# Exercise data

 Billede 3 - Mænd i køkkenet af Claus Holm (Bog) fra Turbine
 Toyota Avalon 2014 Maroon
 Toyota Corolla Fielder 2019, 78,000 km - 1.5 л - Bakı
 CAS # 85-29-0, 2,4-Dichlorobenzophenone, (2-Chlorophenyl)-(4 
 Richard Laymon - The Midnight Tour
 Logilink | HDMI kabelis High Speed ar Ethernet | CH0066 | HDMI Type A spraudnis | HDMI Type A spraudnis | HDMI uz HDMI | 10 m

# Work item
Each line holding "Toyota" in the records should be copied out.

# Response to this exercise
 Toyota Avalon 2014 Maroon
 Toyota Corolla Fielder 2019, 78,000 km - 1.5 л - Bakı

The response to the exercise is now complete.